My son Archer started kindergarten on Wednesday.
Five years ago at this time he was still in a neonatal intensive care unit in Lincoln.
There were several other infants in the ward but I took note of one in particular for a few reasons. I remember his name but won’t put it here except to say that he had the same surname as Archer. He was also born more prematurely and at a lower birth weight than Archer, which is saying something.
He was born at one pound, three ounces. At one pound, six ounces, Archer was only the second smallest baby named Schwartz in the St. Elizabeth NICU in May 2011.
When I’d step out of Archer’s room I could hear the same nightmarish racket coming out of the other boy’s room. The near-constant alarms that he’d stopped breathing, again; the familiar sight of nurses rushing into the room.
It happened dozens of times a day in Archer’s room and it was no different for the other boy. It’s terrifying until it happens so often that it becomes routine. Oh, my baby is dying again. It’s been nearly 20 minutes since the last time. That was a nice run.
I never got a good look at the other boy, just glimpses through a window into his incubator. A child that premature is mostly a very small bundle of tubes and wires anyway.
I spoke with this other boy’s mother a few times.
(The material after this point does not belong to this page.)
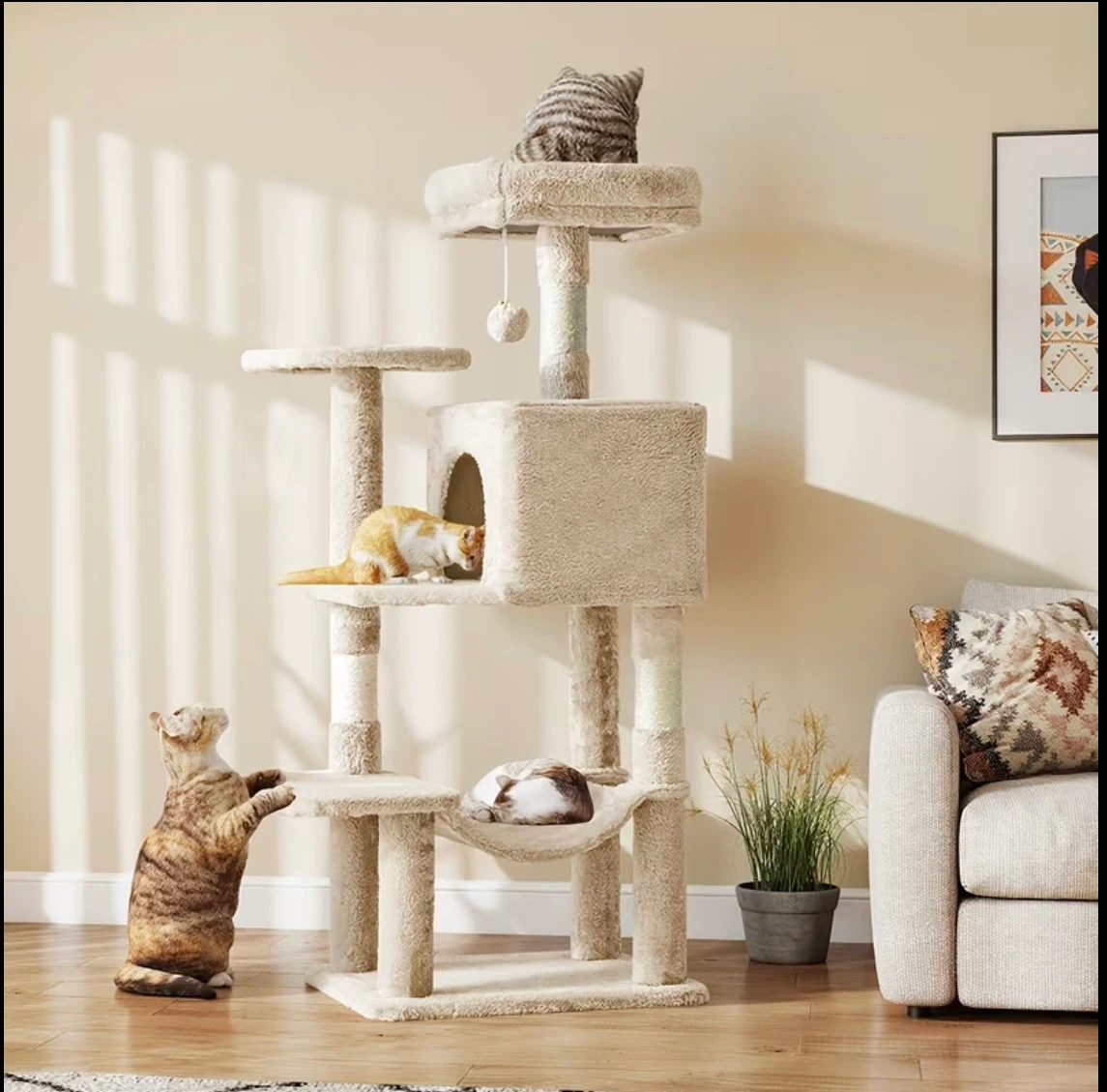 Brand New Beige Multi-Level Cat Tree Tower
I remember her talking a lot about how he wasn’t gaining weight (Archer wasn’t either). My wife Amanda knew her a bit better than I did, as they were both staying long-term in Lincoln. Enough time has passed that I’m not sure I correctly remember where they were from. Some small town in Nebraska.
One weekend I came down to see Archer and the other baby was gone, the mother was gone. Obviously no one at the hospital could tell us anything due to privacy laws. I mean, I know what happened. They almost certainly didn’t send a one pound baby home or to another hospital. But I guess I can't say for sure.
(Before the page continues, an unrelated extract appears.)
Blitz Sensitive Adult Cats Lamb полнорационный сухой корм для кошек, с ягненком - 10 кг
I bring this up mainly as an exercise in maintaining the proper perspective.
It hasn’t been easy for us. I dare say we’ve had it worse than most. September will (hopefully) mark two years since the last time Archer ended up in the hospital. Amanda and her mother discovered him unresponsive with an extremely high fever on a night when I’d gone to North Platte to watch the Nebraska-FresnoState game with friends. I drove back to Lexington not knowing what was going on because no one was answering my texts; they were all in the emergency room.
Archer stayed in the hospital for most of a week. His fever finally broke after they gave him a sponge bath and let him air dry in the middle of the night. I've thankfully forgotten the exact sound of the alarms at St. E's but if I live to be 100 I will never forget the sound of Archer's screams, or the sight of him shivering so hard it was more like convulsions that night after the sponge bath. We couldn't hold him or even give him a blanket. He was three-years-old.
It was the most heartbreaking thing I've ever experienced.
Maybe the sponge bath worked, maybe after four days the fever finally ran its course (that's a pretty familiar timeline for us), but whatever the reason the next day and night Archer's temp stayed down and the day after that we took him home.
They never did figure out what exactly the cause was. They never do. It was speculated it was an ear infection and they billed us as if they’d cured cancer.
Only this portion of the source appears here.